Any help much appreciated  thanks.


----------



## snikpoh (Nov 19, 2007)

VPN said:


> Hi.
> Just looking for a bit of advice.
> My bag was stolen with my green nie paper in last year, and I now need the original copy for something.
> Is it as easy as just going back to the police station to get a copy? I have also moved address, so this will need to be changed.
> Any help much appreciated  thanks.


AAAARGGHHHHHHH! You don't mean 'NIE paper' but certificate of residence or 'residencia'. The NIE paper is white.

I know that I'm being a pedant but I think it's important to get it right for 'newbies'. It's confusing enough as it is.


As I understand it, go back to the same office that the original (lost) one was issued and apply for a copy. I would say, start the process again and get a new one with the correct address but this may be problematical given the new requirements.


----------



## xabiaxica (Jun 23, 2009)

VPN said:


> Hi.
> Just looking for a bit of advice.
> My bag was stolen with my green nie paper in last year, and I now need the original copy for something.
> Is it as easy as just going back to the police station to get a copy? I have also moved address, so this will need to be changed.
> Any help much appreciated  thanks.


I agree with snikpoh - you would usually return to the office which originally issued it - if you need the address changed you obviously need proof of new address


can you confirm that you mean the resident certificate which is green, & not the NIE paper (which as snikpoh says is white) - & I'll amend the thread title to avoid confusion


----------



## Pesky Wesky (May 10, 2009)

I think that you need to go to the police to report that the bag and its contents have been stolen and then, with a copy of that report (denuncia), go to get a new one...
Perhaps Jojo could confirm 'cos I seem to remember that she lost hers a while ago


----------



## xabiaxica (Jun 23, 2009)

Pesky Wesky said:


> I think that you need to go to the police to report that the bag and its contents have been stolen and then, with a copy of that report (denuncia), go to get a new one...
> Perhaps Jojo could confirm 'cos I seem to remember that she lost hers a while ago


that's a good point - I had to do that when my passport disappeared, so that I could get a new one


----------



## VPN (Nov 9, 2012)

Yes, so sorry. I do mean the resedencia. Sorry for confusion.

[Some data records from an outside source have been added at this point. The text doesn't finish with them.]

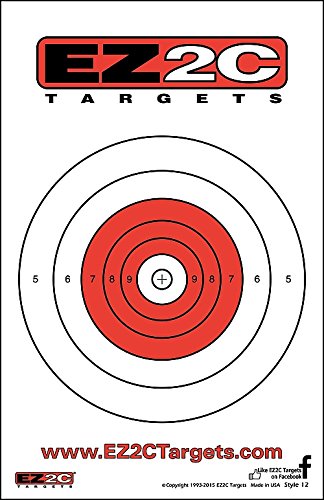 200 EZ2C Targets Most Popular 8 Styles Paper Targets Bundle Pack 11"x17" USA Made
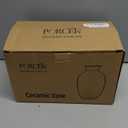 Large Ceramic Rustic Flower Vase, 10.43 Inch Tall Vintage Pottery Home Decor, Farmhouse Terracotta Vase for Living Room, Table, Shelf, Mantel Decoration, Farmhouse - Black Bronze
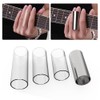 Guitar Slides Set Includes 3 Glass Slides (5.1cm/ 6cm/ 7cm)
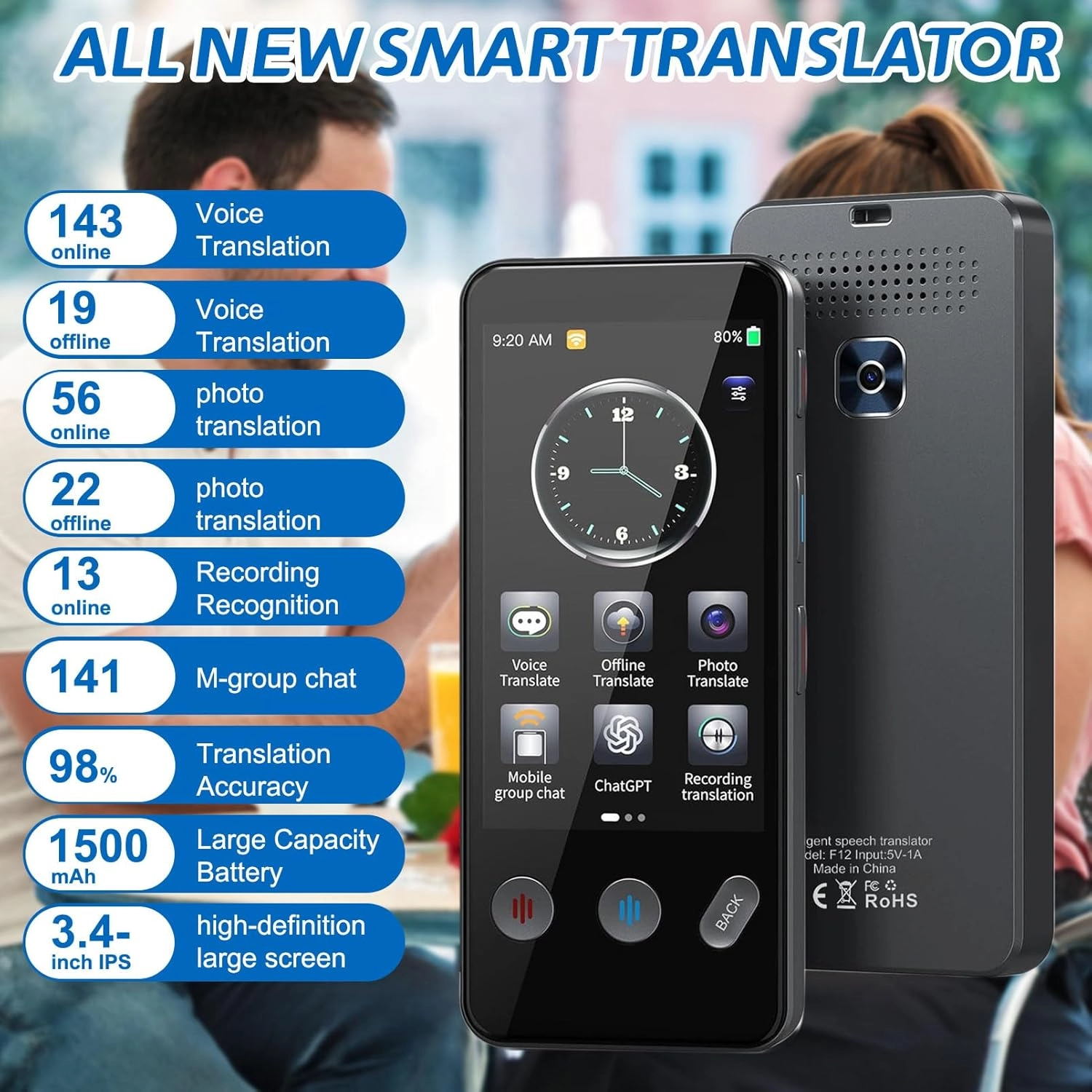 ai Language Translator Device - 143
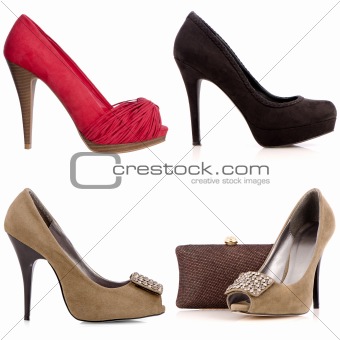 Four female high-heeled shoes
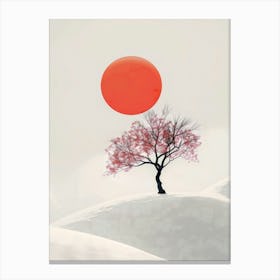 The Sakura Tree Canvas Print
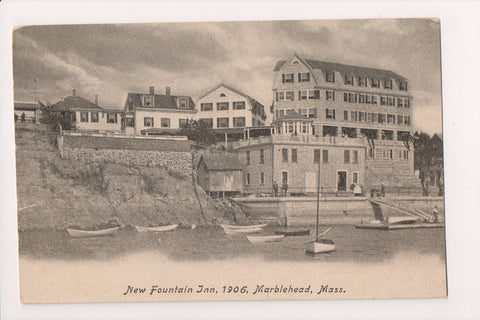 MA, Marblehead - Fountain Inn (new) postcard - D04329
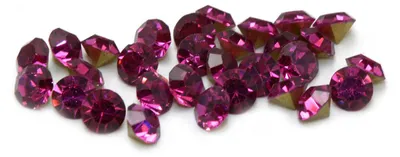 Produktbild von Vintageparts Strasssteine Glas fuchsia 4 mm rund 30 Stück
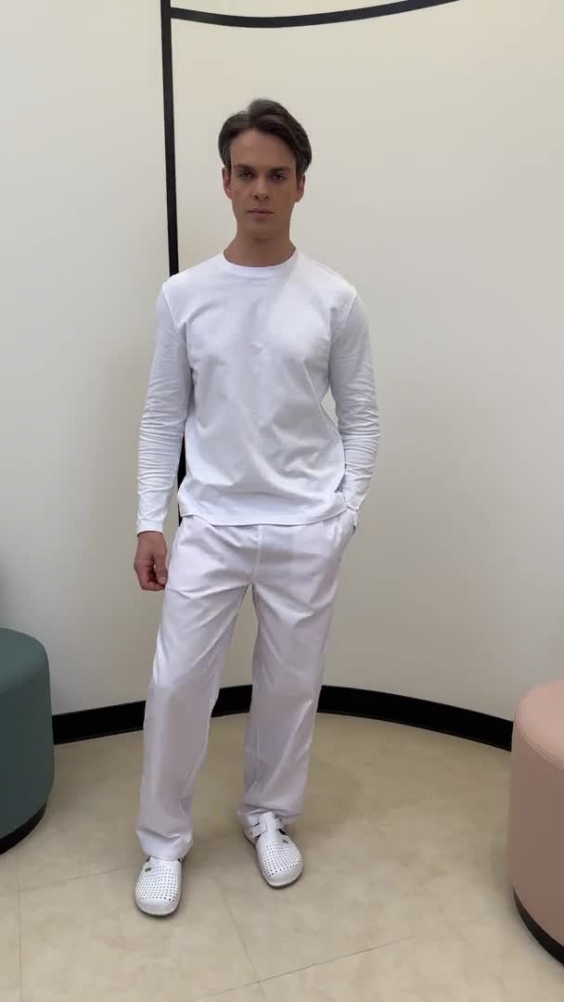 Футболка с длинным рукавом белая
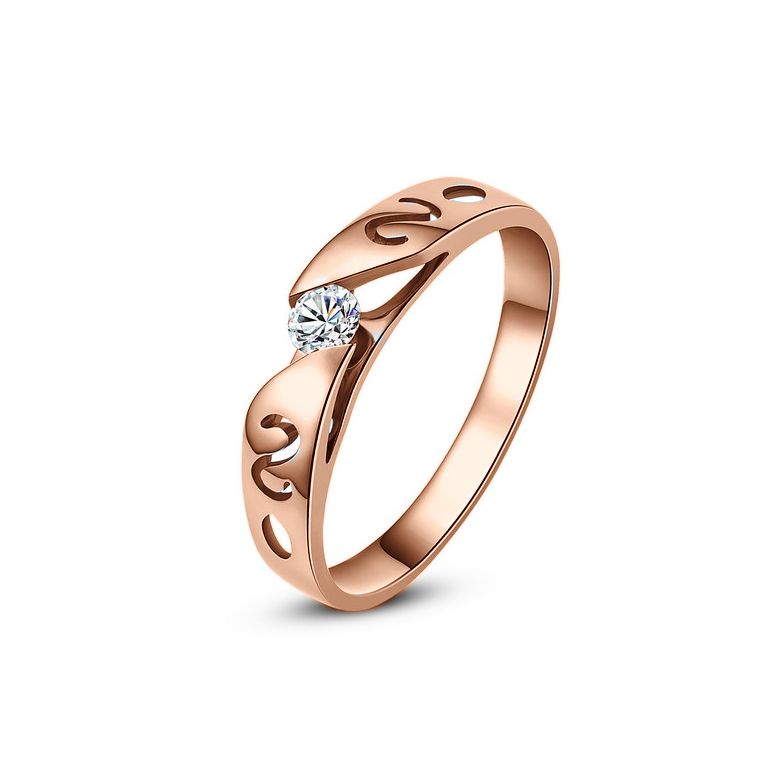 Mon alliance de mariage - Alliance originale or rose, diamant - Homme - 1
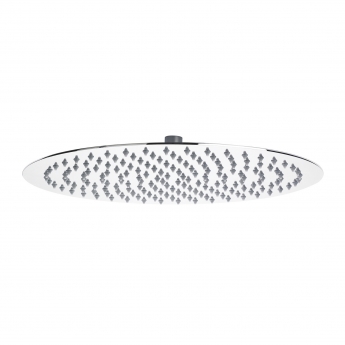 Hudson Reed Round Fixed Shower Head 400mm Diameter - Stainless Steel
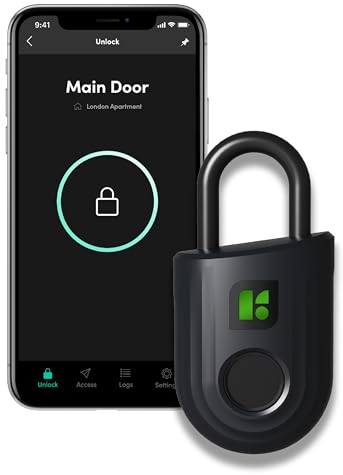 Igloohome Padlock Lite Cadenas intelligent avec empreinte digitale Noir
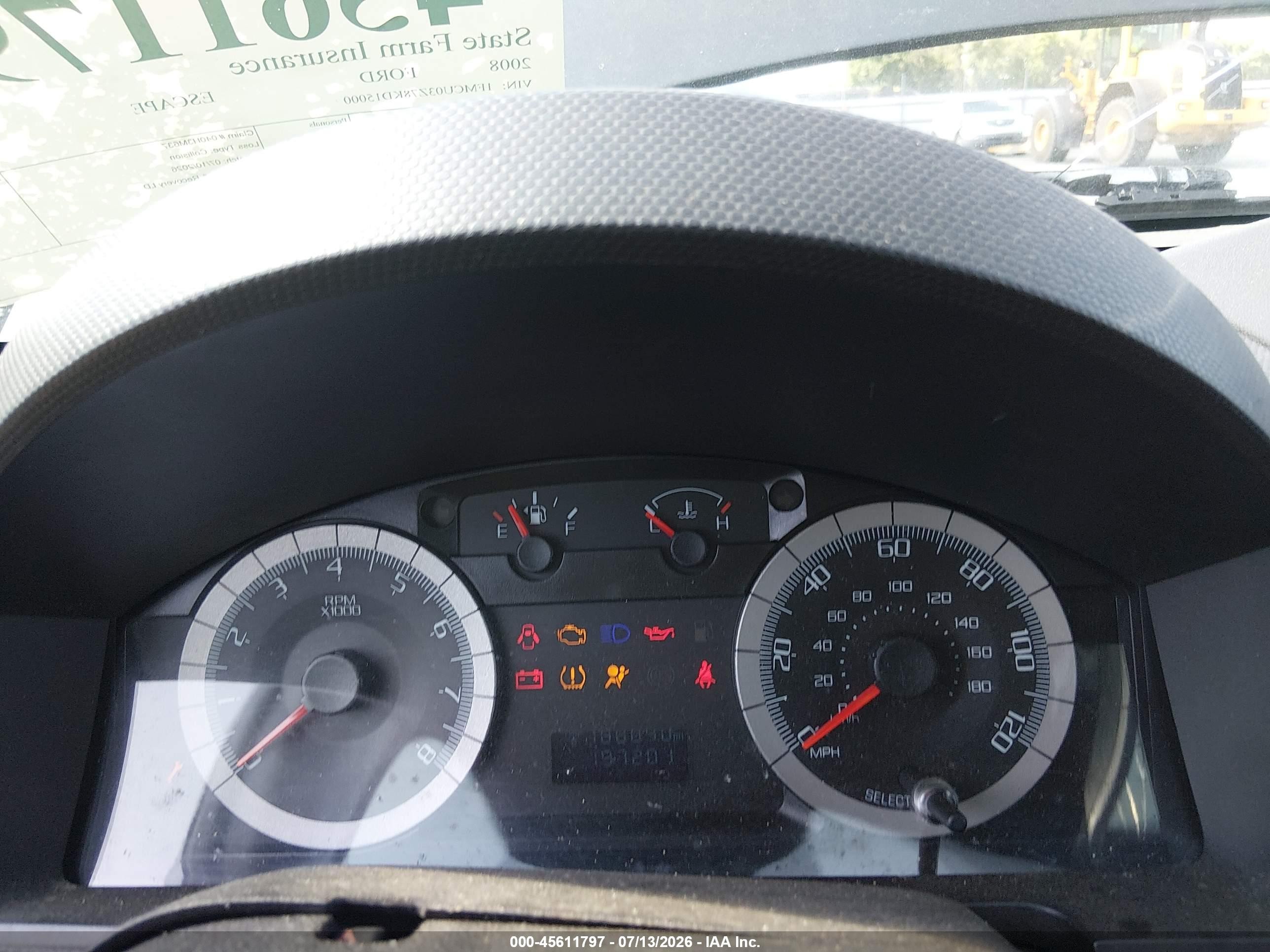 2008 Ford Escape Xlt Gray vin: 1FMCU03Z78KD15000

I did report the bag stolen along with the contents, passport, phone etc.

Thanks for the info, I'll pop along to torremolinos tomorrow and see how I get on.


----------



## xabiaxica (Jun 23, 2009)

VPN said:


> Yes, so sorry. I do mean the resedencia. Sorry for confusion.
> 
> I did report the bag stolen along with the contents, passport, phone etc.
> 
> Thanks for the info, I'll pop along to torremolinos tomorrow and see how I get on.


thread title changed


----------